Si nous poursuivons sur la dualité entre la mort et la naissance ou la vie, les expressions sont infinies. Attardons-nous sur quelques-unes pour voir comment on peut s’en servir.
“Tout finit afin que tout recommence, tout meurt afin que tout vive.” Jean Henri Fabre
Partant de cette citation, nous pouvons noter les réflexions qu’elle nous inspire : la naissance et la mort sont effectivement un éternel recommencement. La vie n’est pas une accumulation, une superposition, elle est un recommencement perpétuel. Nous reproduisons peut-être sans le savoir les mêmes choses, le même comportement, la même vie qu’un lointain ancêtre dont l’existence ne subsiste plus que dans les actes civils ou les registres paroissiaux.
Poursuivons : que va produire notre temps qui consigne tout, où la mort même peut être reconsidérée sous l’angle de ces témoignages vivants qui restent, où le corps disparait peut-être mais où les traces, multiples, demeureront peut-être longtemps : photos, vidéos, messages écrits et sonores ?…
“Quand on est mort, c’est pour longtemps.” Marc-Antoine Désaugiers
Mais qu’en est-il de ce qui précède la naissance ? On pourrait dire tout aussi bien “Quand on n’est pas encore né, c’est pour longtemps”. Que se passerait-il si l’on avait conscience de sa future naissance ? Si l’on en avait conscience des dizaines d’années avant, à l’intérieur même des corps et des esprits de nos ancêtres. Etc.
“C’est par sa mort parfois qu’un homme montre qu’il était digne de vivre.” Francis Ponge
Que signifie “être digne de vivre” ? Suis-je digne de vivre ? Un personnage se pose-t-il cette question ? Comment la mort de mon personnage pourrait-elle rendre compte de la dignité de sa vie ? Cette mort, même en étant indigne, pitoyable, pourrait révéler en quoi la vie du personnage a été digne. Peut-être un homme — ou une femme — qui a vécu toute sa vie en gardant un secret qui aurait pu nuire à beaucoup de monde. Etc.

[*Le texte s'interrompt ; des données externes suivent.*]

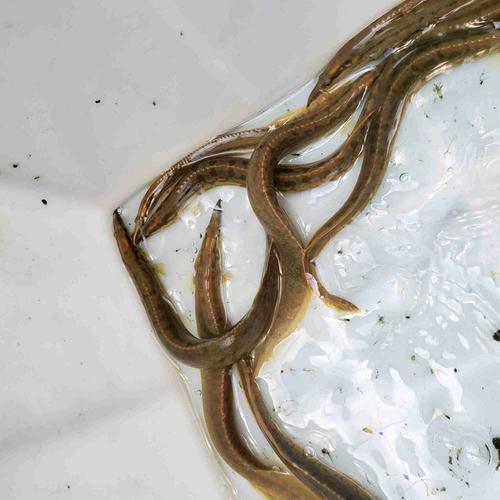 刺鳅鱼苗 刀鳅鱼苗 钢鳅鱼苗 纳锥鱼苗 中华刺鳅鱼苗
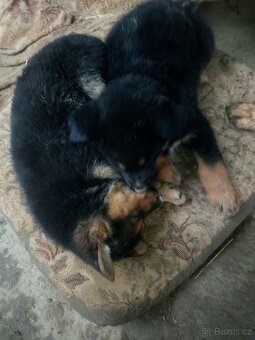 Chodský pes kříženec - 14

On pourrait continuer à loisir sur la multitude de proverbes et de citations qui traitent de ces vastes sujets. Nous ne donnons ici qu’une toute petite idée de ce que nous pourrions commencer à tirer comme réflexion de ce matériau. Ces réflexions, bien entendu, pourront ne servir à rien d’autre qu’à nous faire réfléchir, mais elles pourront également nourrir le projet sur lequel on travaille, aussi bien au niveau de la structure que des personnages, des dialogues ou tout autre aspect de la narration.
Ce brainstorming gagne à être entrepris au tout début du développement du projet mais on peut aussi y revenir régulièrement, dès qu’on ressent le besoin d’approfondir un peu le sujet ou de prendre du recul. On peut lui adjoindre au fil du temps des commentaires personnels ou de nouveaux éléments tirés de ce qu’on lit, de ce qu’on vit, de ce qu’on voit chaque jour.
D’où la nécessité de classer les éléments, de bien les organiser par titre pour former une sorte de réservoir dans lequel il sera aisé de puiser à tout moment des idées.
Pour donner un exemple tout à fait trivial, si notre personnage a été tué, plutôt que de choisir l’arme au hasard, à l’extérieur de l’histoire, on choisira l’un des objets qui s’est dégagé de nos brainstormings. Ici, pourquoi pas un ustensile servant à l’accouchement — le thème en opposition avec la mort —, un bistouri ayant servi à une césarienne par exemple.
Nous appelons cette technique “construire l’histoire de l’intérieur”. Elle consiste à chercher à l’intérieur même de l’histoire ses solutions, ses idées, à ne pas les rapporter de l’extérieur.